◆ Problem requirements ◆
Print the full set of records below, character for character and picture-free.

◆ Dataset records ◆
::::::
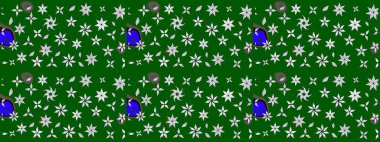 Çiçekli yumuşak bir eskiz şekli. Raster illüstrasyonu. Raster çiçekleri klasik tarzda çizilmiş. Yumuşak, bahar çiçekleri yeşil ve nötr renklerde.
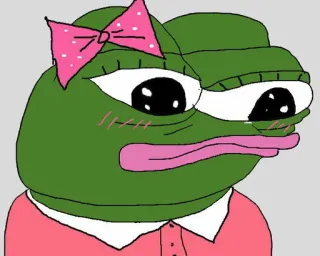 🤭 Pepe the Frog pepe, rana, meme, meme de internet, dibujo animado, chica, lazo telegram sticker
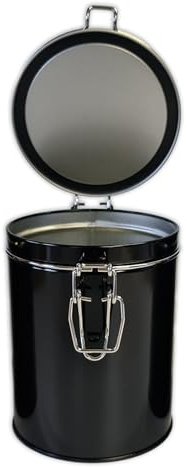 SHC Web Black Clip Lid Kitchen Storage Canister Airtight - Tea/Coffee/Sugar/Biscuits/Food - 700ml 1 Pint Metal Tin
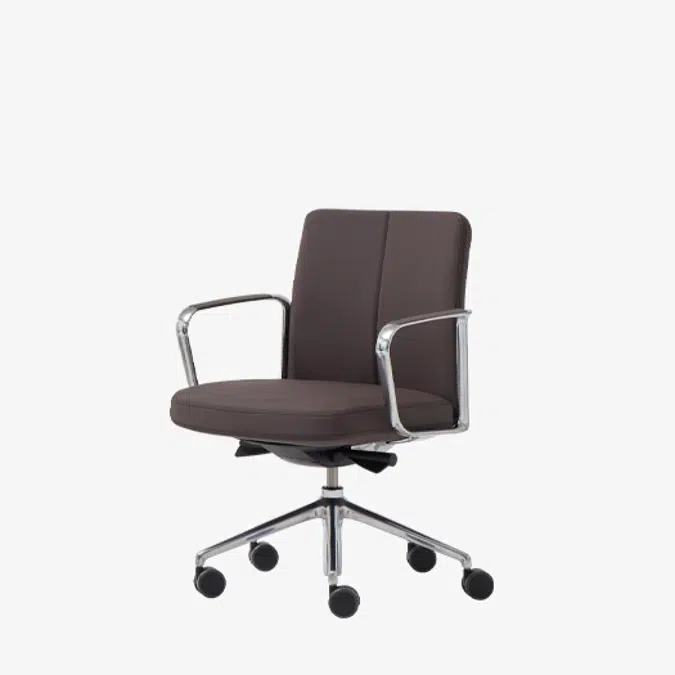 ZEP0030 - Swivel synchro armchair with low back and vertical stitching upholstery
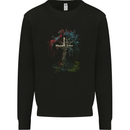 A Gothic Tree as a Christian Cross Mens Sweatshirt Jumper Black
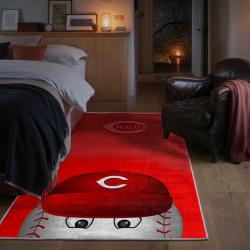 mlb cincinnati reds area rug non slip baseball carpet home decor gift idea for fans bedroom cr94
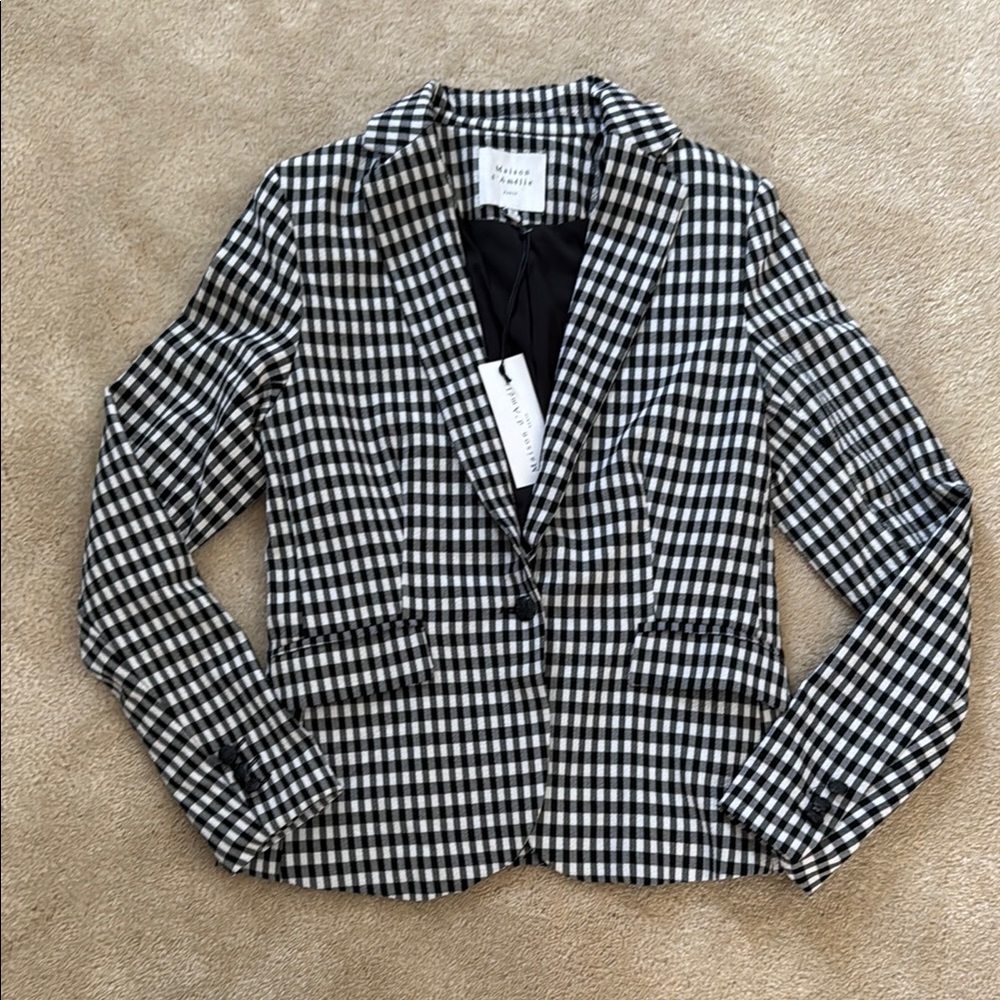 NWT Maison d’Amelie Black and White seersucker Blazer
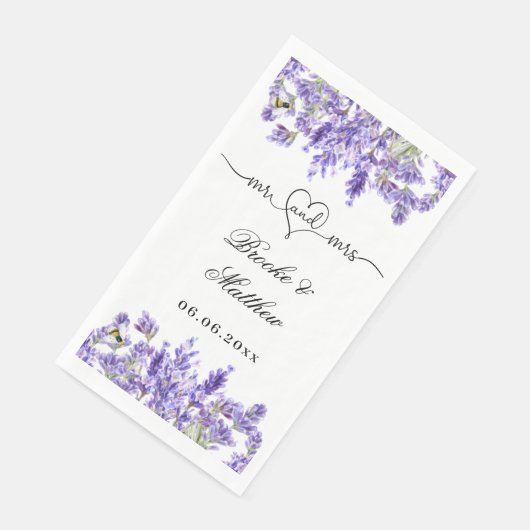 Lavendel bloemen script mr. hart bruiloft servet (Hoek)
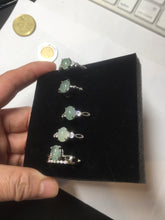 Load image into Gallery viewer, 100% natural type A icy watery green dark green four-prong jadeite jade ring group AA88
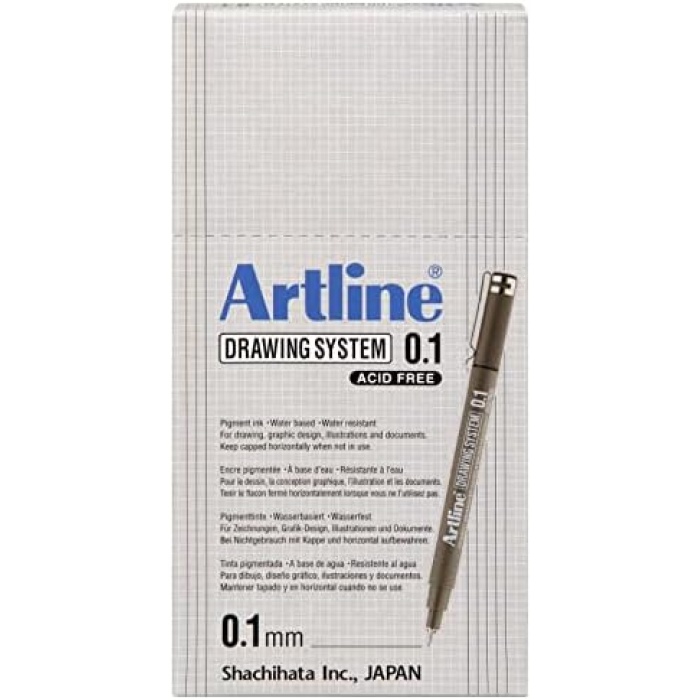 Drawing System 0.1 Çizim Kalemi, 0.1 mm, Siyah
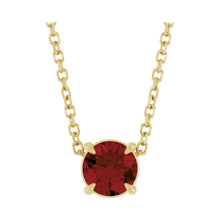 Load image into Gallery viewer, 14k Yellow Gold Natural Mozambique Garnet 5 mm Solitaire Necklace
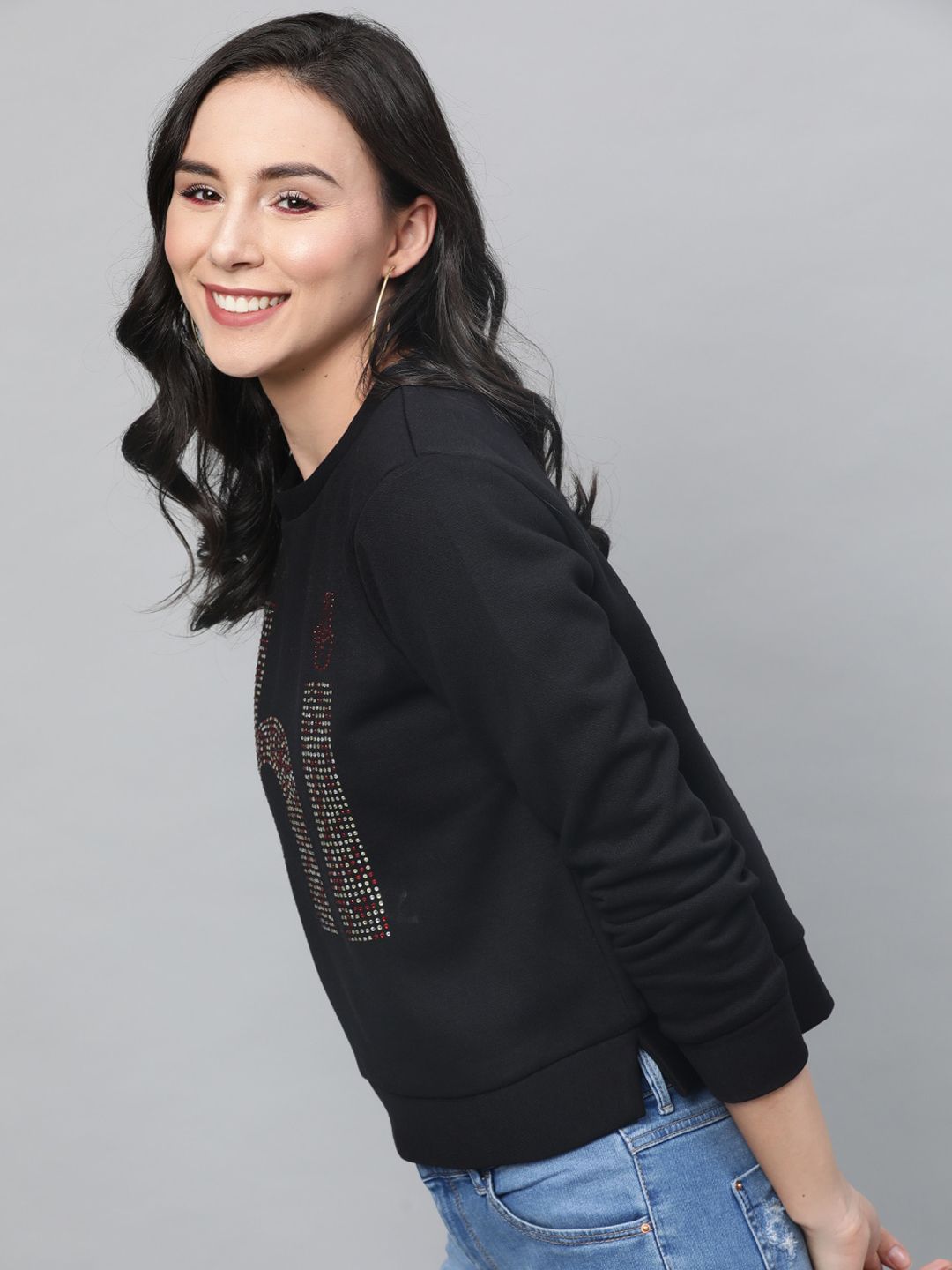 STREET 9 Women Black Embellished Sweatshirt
::::::
◆ Solved exercise ◆
 Çiçekli yumuşak bir eskiz şekli. Raster illüstrasyonu. Raster çiçekleri klasik tarzda çizilmiş. Yumuşak, bahar çiçekleri yeşil ve nötr renklerde.
 🤭 Pepe the Frog pepe, rana, meme, meme de internet, dibujo animado, chica, lazo telegram sticker
 SHC Web Black Clip Lid Kitchen Storage Canister Airtight - Tea/Coffee/Sugar/Biscuits/Food - 700ml 1 Pint Metal Tin
 ZEP0030 - Swivel synchro armchair with low back and vertical stitching upholstery
 A Gothic Tree as a Christian Cross Mens Sweatshirt Jumper Black
 mlb cincinnati reds area rug non slip baseball carpet home decor gift idea for fans bedroom cr94
 NWT Maison d’Amelie Black and White seersucker Blazer
 Lavendel bloemen script mr. hart bruiloft servet (Hoek)
 Load image into Gallery viewer, 100% natural type A icy watery green dark green four-prong jadeite jade ring group AA88
 Drawing System 0.1 Çizim Kalemi, 0.1 mm, Siyah
 Load image into Gallery viewer, 14k Yellow Gold Natural Mozambique Garnet 5 mm Solitaire Necklace
 STREET 9 Women Black Embellished Sweatshirt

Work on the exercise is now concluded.